18 gauge copper wire is good to use (tie on strips from t-shirts too)- soft enough to bend before a bottle neck breaks.


----------



## tab

I read that a denture cleaning tablet helps.


----------



## light rain

Today I bought some citric acid in the canning section. Couldn't find any sand at Walmart. We may have some tube sand that we bought for the back of the pickups but got to check that out. 

The bottle is over 12 inches tall so it would be really difficult to manually clean it with brushes etc. I'll soak it 
tonight with the citric acid and see if that makes a difference. 
I used a small brush on the neck and that worked pretty good where I could make contact. Thank you all for all the suggestions!


----------



## light rain

Update, I've tried 2 attempts to clean the bottle. I put 2 T of citric acid in with hot water and left overnight. I shook it and dumped it but whatever is causing the areas of cloudiness didn't come out. Tried finding a small bag of sand at Home Depot and Walmart but didn't see any. I've lugged home 70 lbs. of tube sand in the past but not up to it at the end of winter.

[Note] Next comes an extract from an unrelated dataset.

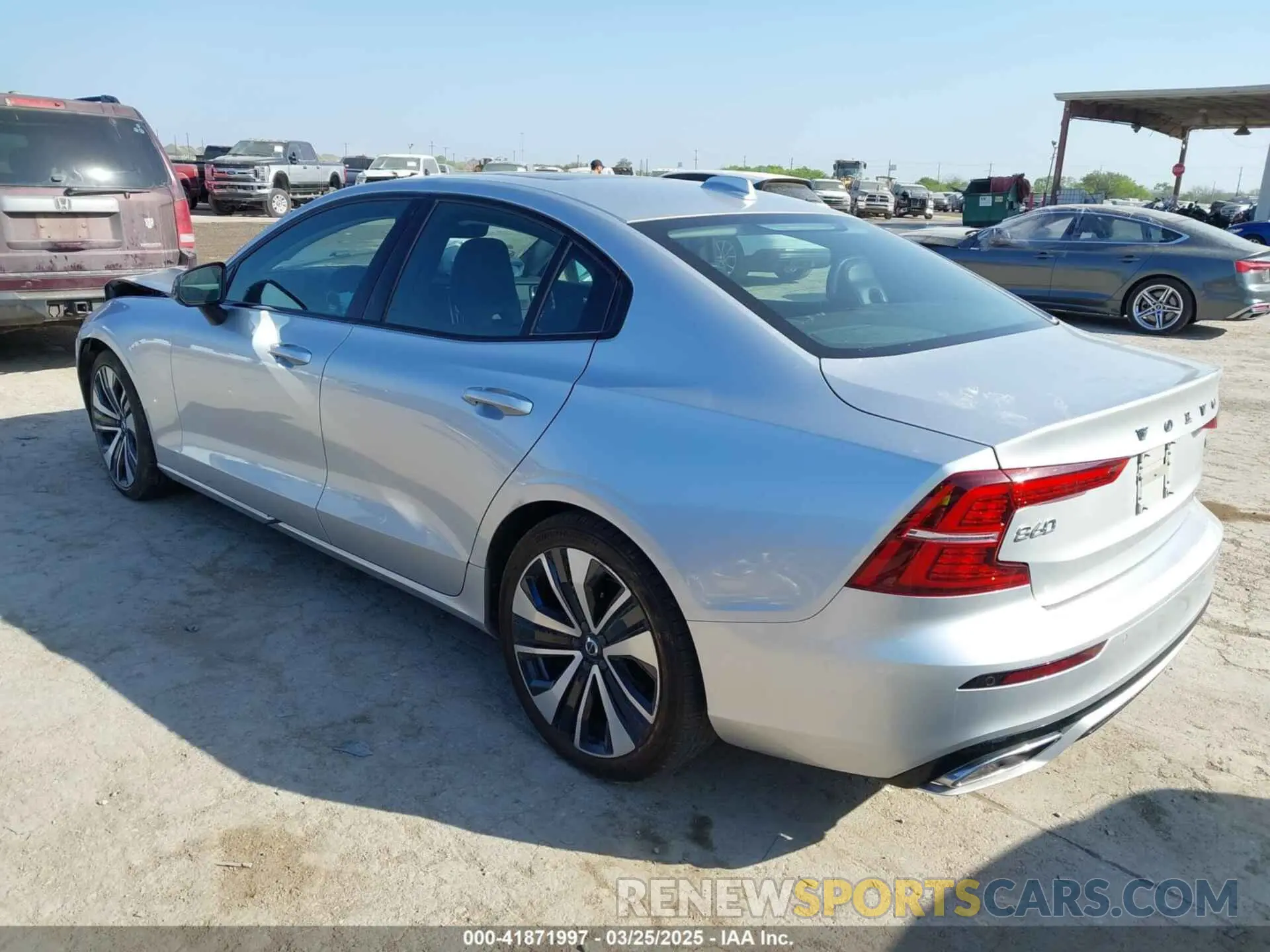 3 Photograph of a damaged car 7JRL12FZ3NG176097 VOLVO S60 2022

I filled the bottle with 100% white vinegar last night and about 1/2 c. of cherrystone chicken grit. I thought I came up with a winner! No, the stuff is still in there. :hair

The next plan is 2 denture cleaning tabs and hot water overnight. Also I think I have a container of CLR that I could try. Ya know, I'm assuming this is lime but I really have no clue... :shrug:


----------



## Belldandy

light rain said:


> Update, I've tried 2 attempts to clean the bottle. I put 2 T of citric acid in with hot water and left overnight. I shook it and dumped it but whatever is causing the areas of cloudiness didn't come out. Tried finding a small bag of sand at Home Depot and Walmart but didn't see any. I've lugged home 70 lbs. of tube sand in the past but not up to it at the end of winter.
> 
> I filled the bottle with 100% white vinegar last night and about 1/2 c. of cherrystone chicken grit. I thought I came up with a winner! No, the stuff is still in there. :hair
> 
> The next plan is 2 denture cleaning tabs and hot water overnight. Also I think I have a container of CLR that I could try. Ya know, I'm assuming this is lime but I really have no clue... :shrug:


Could it be pitting? If that's the case, it could not be 'cleaned' per se.


----------



## light rain

You might me right about the pitting but when I could get my little finger down the neck I was able to remove some of the residue. The way the bottle is shaped with a tall, thin neck and a square bottom half it seems almost impossible to be able to scrub with a brush or pole with cloths attached. Well we'll see how the denture tabs work and if they don't, I'll try something else.


----------



## Belldandy

Hope the tabs work. If you could scrape stuff off with your fingernail, would a sculptor or dental tool work?


----------



## 1shotwade

Homesteading Today > General Homesteading Forums > Countryside Families
Reload this Page cleaning old mason jars
Try here.

Wade


----------



## mrs whodunit

light rain said:


> Update, I've tried 2 attempts to clean the bottle. I put 2 T of citric acid in with hot water and left overnight. I shook it and dumped it but whatever is causing the areas of cloudiness didn't come out. Tried finding a small bag of sand at Home Depot and Walmart but didn't see any. I've lugged home 70 lbs. of tube sand in the past but not up to it at the end of winter.
> 
> I filled the bottle with 100% white vinegar last night and about 1/2 c. of cherrystone chicken grit. I thought I came up with a winner! No, the stuff is still in there. :hair
> 
> The next plan is 2 denture cleaning tabs and hot water overnight. Also I think I have a container of CLR that I could try. Ya know, I'm assuming this is lime but I really have no clue... :shrug:


I am surprised the citric acid didn't work. Its how I clean our old bottles and vases, tea kettles and faucets.

Heck, at this rate you may not have a bottle anymore just the 'stuff' LOL


----------



## light rain

I've got straight CLR in it right now. Not all the way to the top but I'm going in and shaking it every so often. Tomorrow morning I'll dump it outside and see if all the residue is gone. I'm not giving up because the next couple of weeks to a month is prime time to go out scavenging for other bottles in the woods. :0) :dance:


----------